═════ ENTRIES SHOWN

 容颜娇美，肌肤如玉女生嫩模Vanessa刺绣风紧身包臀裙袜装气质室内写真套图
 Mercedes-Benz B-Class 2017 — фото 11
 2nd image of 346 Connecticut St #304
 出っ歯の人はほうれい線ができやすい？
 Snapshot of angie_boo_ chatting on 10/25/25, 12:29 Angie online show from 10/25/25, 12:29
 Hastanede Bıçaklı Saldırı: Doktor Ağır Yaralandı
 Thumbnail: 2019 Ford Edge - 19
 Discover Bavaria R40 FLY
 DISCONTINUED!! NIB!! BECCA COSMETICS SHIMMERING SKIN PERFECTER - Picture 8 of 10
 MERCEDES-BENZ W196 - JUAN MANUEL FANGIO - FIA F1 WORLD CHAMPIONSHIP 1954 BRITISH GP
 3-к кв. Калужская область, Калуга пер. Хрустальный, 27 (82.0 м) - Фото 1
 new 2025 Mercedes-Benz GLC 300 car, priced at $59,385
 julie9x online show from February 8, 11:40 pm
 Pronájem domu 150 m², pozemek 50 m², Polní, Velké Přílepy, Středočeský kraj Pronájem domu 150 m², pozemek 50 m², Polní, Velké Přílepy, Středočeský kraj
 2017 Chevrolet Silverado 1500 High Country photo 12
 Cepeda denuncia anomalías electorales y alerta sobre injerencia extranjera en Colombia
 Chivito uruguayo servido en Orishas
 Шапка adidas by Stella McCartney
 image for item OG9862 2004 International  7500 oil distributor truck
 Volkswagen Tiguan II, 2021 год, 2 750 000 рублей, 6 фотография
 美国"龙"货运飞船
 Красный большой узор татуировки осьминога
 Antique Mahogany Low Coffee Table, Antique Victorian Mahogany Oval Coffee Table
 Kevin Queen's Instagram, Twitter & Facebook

══════════

▶ **TRY IT**
Line by line, set down the material exactly as given.

▶ **SOLUTION FOR THIS EXERCISE**
 容颜娇美，肌肤如玉女生嫩模Vanessa刺绣风紧身包臀裙袜装气质室内写真套图
 Mercedes-Benz B-Class 2017 — фото 11
 2nd image of 346 Connecticut St #304
 出っ歯の人はほうれい線ができやすい？
 Snapshot of angie_boo_ chatting on 10/25/25, 12:29 Angie online show from 10/25/25, 12:29
 Hastanede Bıçaklı Saldırı: Doktor Ağır Yaralandı
 Thumbnail: 2019 Ford Edge - 19
 Discover Bavaria R40 FLY
 DISCONTINUED!! NIB!! BECCA COSMETICS SHIMMERING SKIN PERFECTER - Picture 8 of 10
 MERCEDES-BENZ W196 - JUAN MANUEL FANGIO - FIA F1 WORLD CHAMPIONSHIP 1954 BRITISH GP
 3-к кв. Калужская область, Калуга пер. Хрустальный, 27 (82.0 м) - Фото 1
 new 2025 Mercedes-Benz GLC 300 car, priced at $59,385
 julie9x online show from February 8, 11:40 pm
 Pronájem domu 150 m², pozemek 50 m², Polní, Velké Přílepy, Středočeský kraj Pronájem domu 150 m², pozemek 50 m², Polní, Velké Přílepy, Středočeský kraj
 2017 Chevrolet Silverado 1500 High Country photo 12
 Cepeda denuncia anomalías electorales y alerta sobre injerencia extranjera en Colombia
 Chivito uruguayo servido en Orishas
 Шапка adidas by Stella McCartney
 image for item OG9862 2004 International  7500 oil distributor truck
 Volkswagen Tiguan II, 2021 год, 2 750 000 рублей, 6 фотография
 美国"龙"货运飞船
 Красный большой узор татуировки осьминога
 Antique Mahogany Low Coffee Table, Antique Victorian Mahogany Oval Coffee Table
 Kevin Queen's Instagram, Twitter & Facebook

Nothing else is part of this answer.